TWRP for Fairphone 4

Hello friends!

I’m currently doing some tests with linux-based alternatives OS on my FP4, Ubuntu Touch and Sailfish OS.
I wanted to try TWRP backup and restore, and share here my experience :slight_smile:
NOTE: those two OS are not encrypted so it’s ok for me.

On my FP2 I have a long and successful story of using TWRP to switch between alternative OSes.
It consists of backup and restore of 3 partitions : Boot/System/Data

Here on FP4 partitions are slightly different (A/B device), I found here that one can do:

  • Data Backup: select only the Data partition.
  • System Backup: select partitions
    • Boot
    • DTBO
    • Super which contains the logical system, system_ext, odm, product, and vendor partitions

I tried with Ubuntu Touch, however I have those red error message:

failed to mount '/system_ext' (Block device required)
failed to mount '/product' (Block device required)

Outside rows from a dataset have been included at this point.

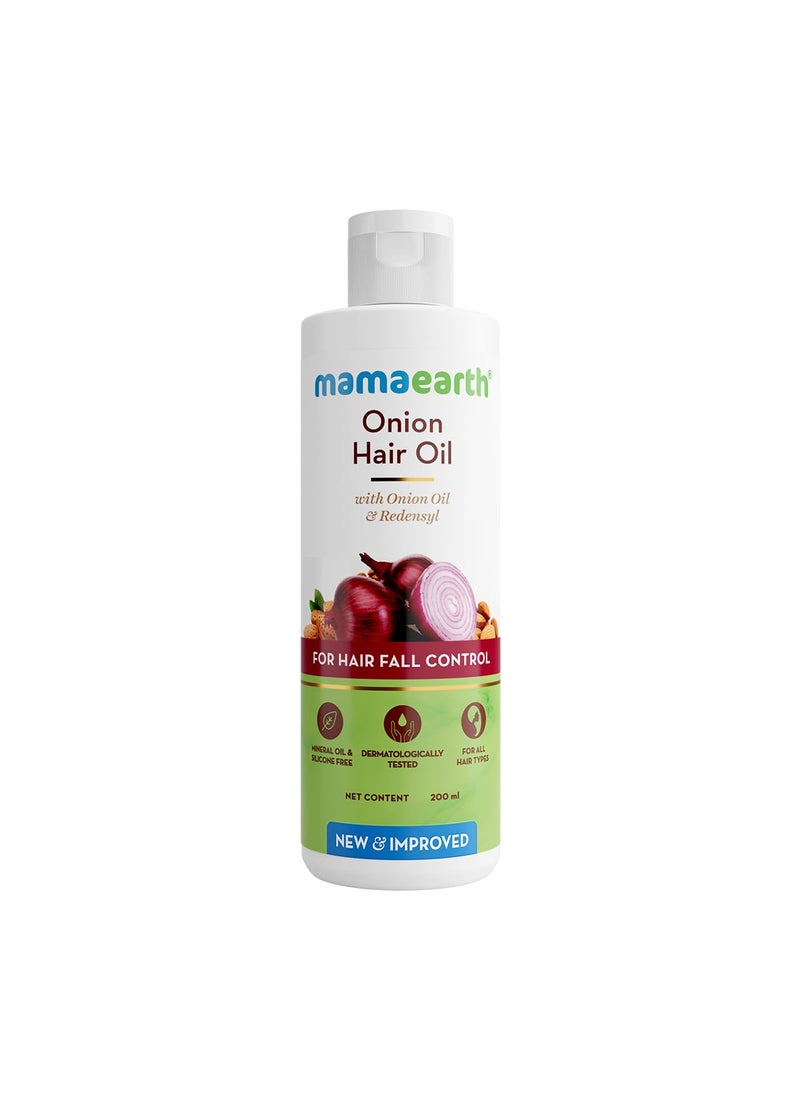 Mamaearth MAMAEARTH Onion Hair Oil | Natural & Organic Anti Hair Loss & Hair Fall Control Oil with Redensyl | for Color Treated & All Hair Types | 6.76 Fl Oz (200ml) 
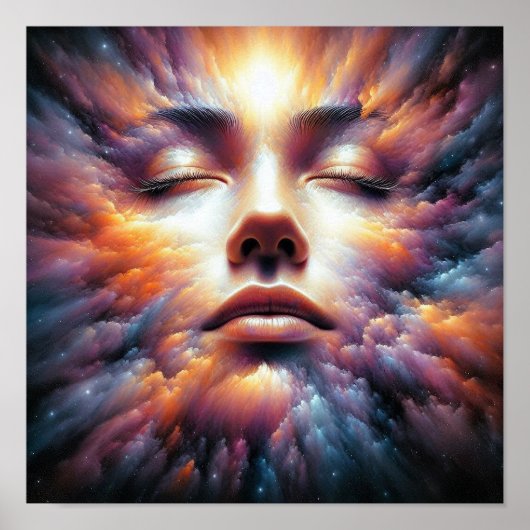 Gezicht vermengd met kleurrijke wolken poster (Voorkant)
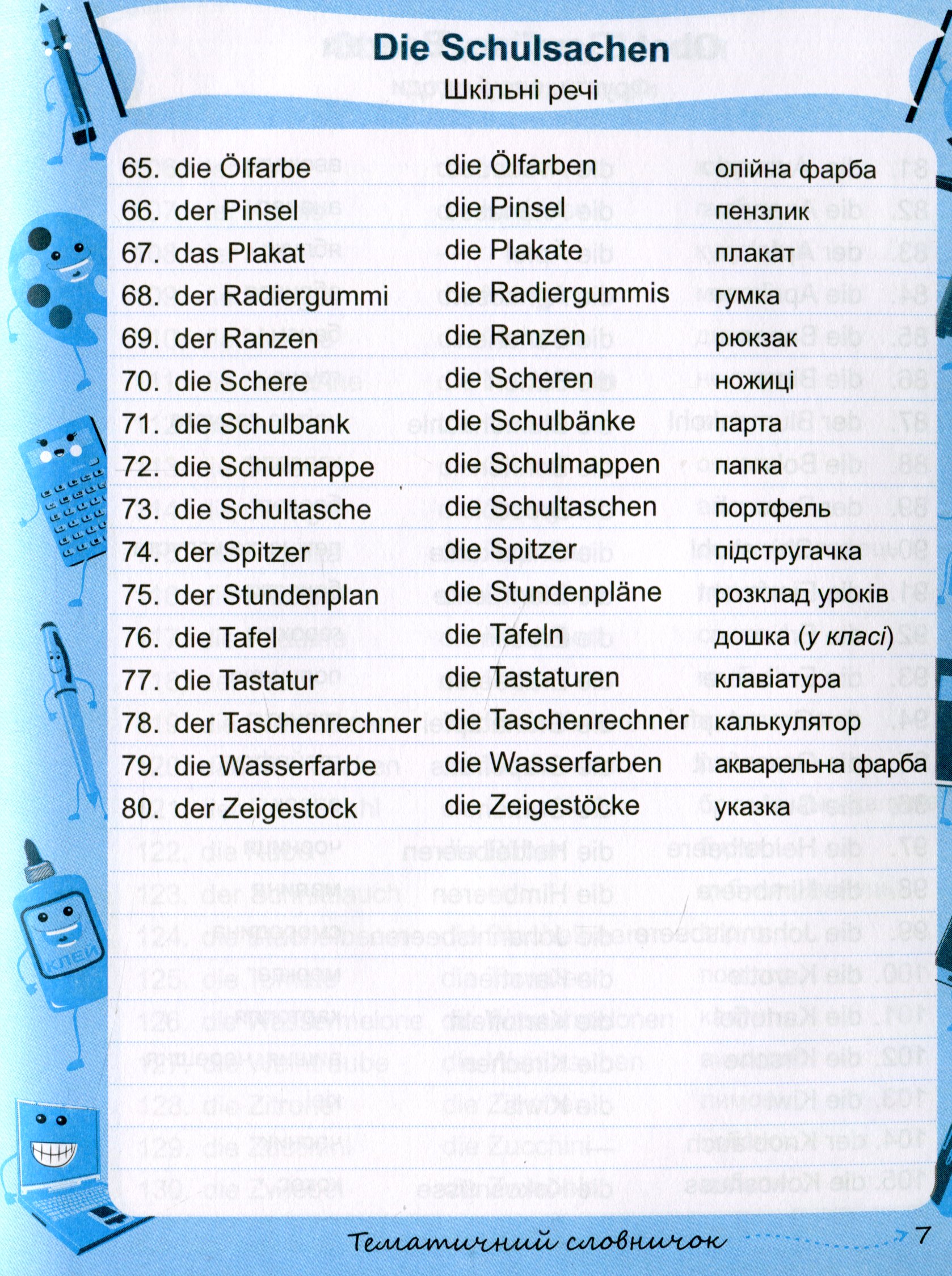 Deutsch Mein Vokabelheft. Мій словник з німецької мови. 1-4 класи — фото 9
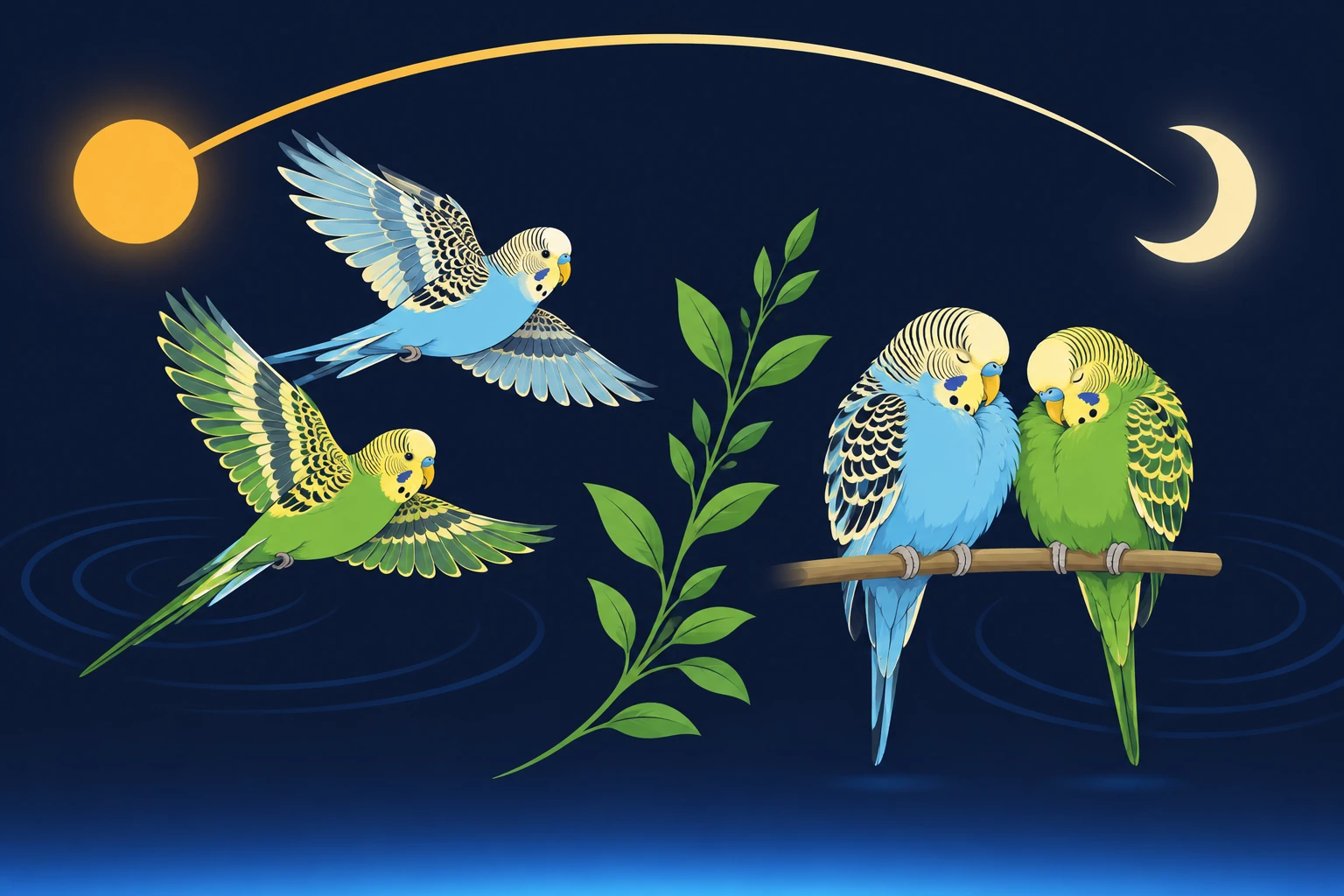 Sun and moon arc over two flying budgies and two sleeping budgies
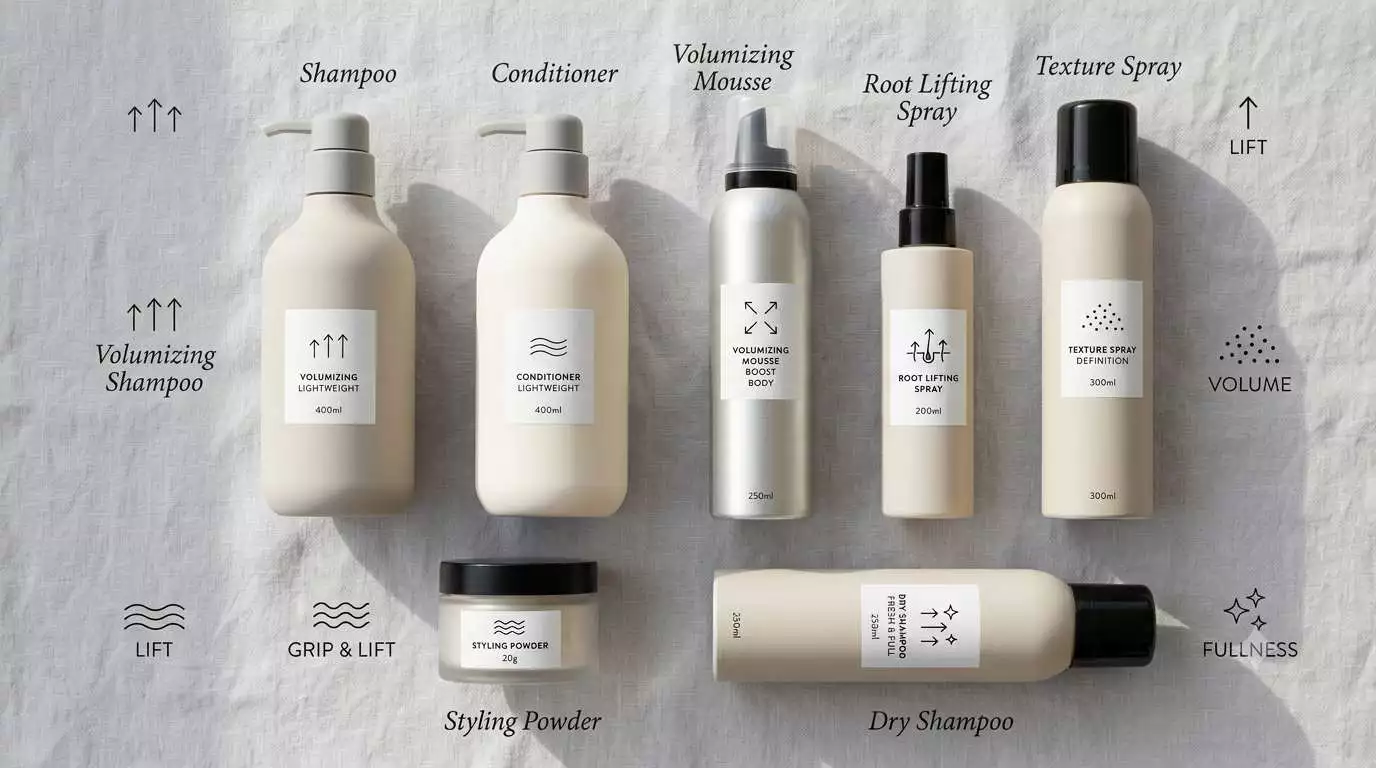 Volumizing hair products flat lay with shampoo, mousse, root spray, texture spray, powder, and dry shampoo
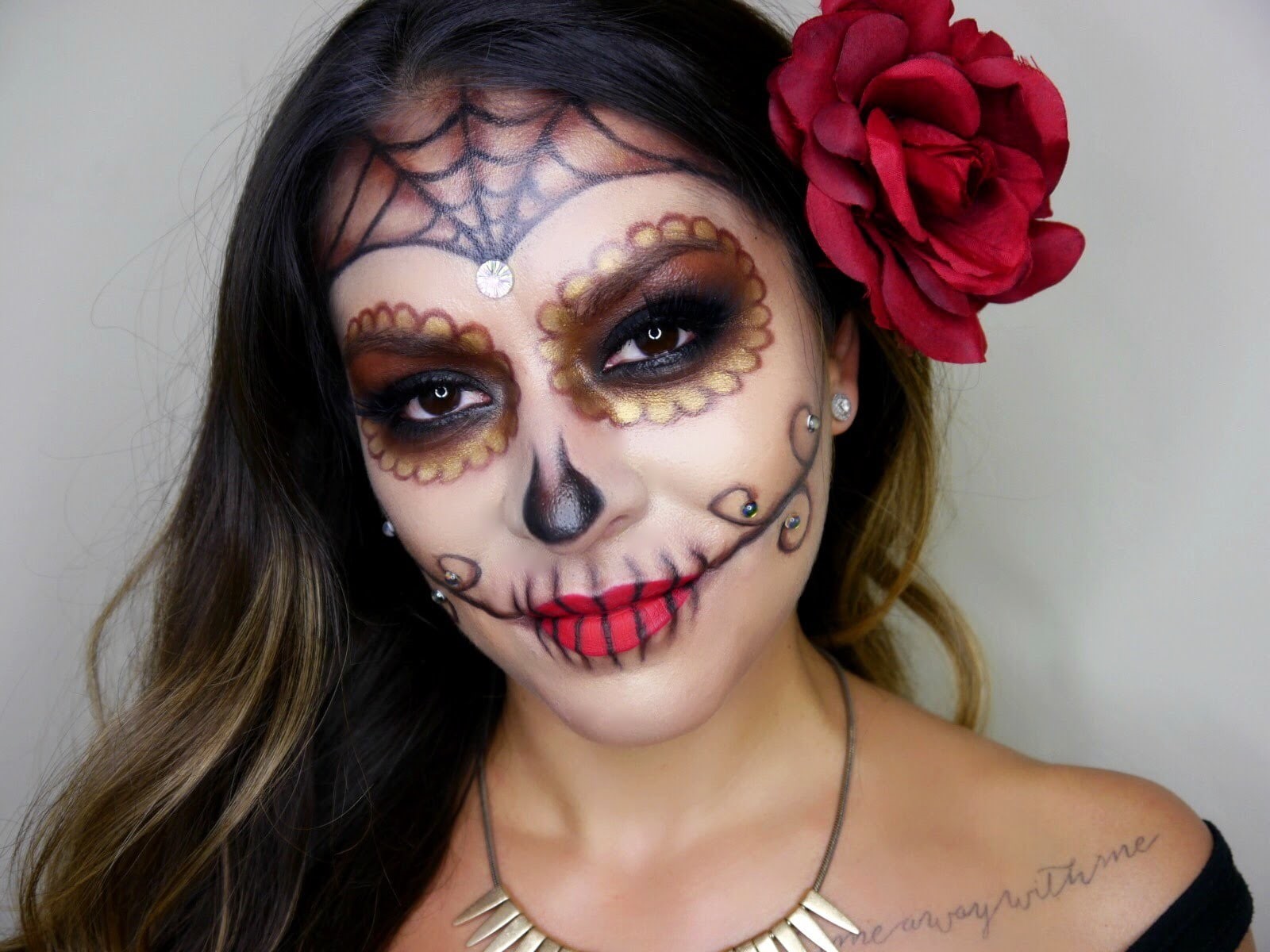 paint, face paint, front view, hairstyle, 720P, rose - flower, headshot, looking at camera, lipstick, hair, flower in hair, women, make-up, Dia de los Muertos, HD Wallpaper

and I’m only able to backup Data

NOTE that this could be already useful, in this case the restore process is:

  • Erase the previous OS
  • Fresh install of UT
  • TWRP restore of /Data partition, and reboot :slight_smile:

I then tried with SailfishOS and, even if there is no red messages, backing up of Super partition failed at 67% (4215Mo of 6264Mo).
Looking at the recovery.log, there is this error message:

Backing up Super (system system_ext product vendor)...
I:Reading '/dev/block/by-name/super', writing '/external_sd/TWRP/BACKUPS/xxx super.emmc.win'
I:Error writing destination fd (Operation not permitted)
Backup Failed. Cleaning Backup Folder.

Searching for a solution, I found here that this could be due to a FAT32 SD Card (and indeed my SD card is formatted in FAT32 filesystem)
I tried again on Internal Storage… and it worked :smiley:

[BACKUP COMPLETED IN 80 SECONDS]

I have now a full backup of SailfishOS 4.5.0.24.
In the backup folder (total size 7.73 Go), the file super.emmc.win is 6.00 Go big!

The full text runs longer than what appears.